What to do -> Output the material exactly, line by line.

Data provided ->
%%
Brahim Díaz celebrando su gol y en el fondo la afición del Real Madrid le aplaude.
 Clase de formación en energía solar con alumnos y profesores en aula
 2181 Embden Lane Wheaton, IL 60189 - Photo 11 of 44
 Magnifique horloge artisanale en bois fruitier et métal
%%
Response to the exercise ->
Brahim Díaz celebrando su gol y en el fondo la afición del Real Madrid le aplaude.
 Clase de formación en energía solar con alumnos y profesores en aula
 2181 Embden Lane Wheaton, IL 60189 - Photo 11 of 44
 Magnifique horloge artisanale en bois fruitier et métal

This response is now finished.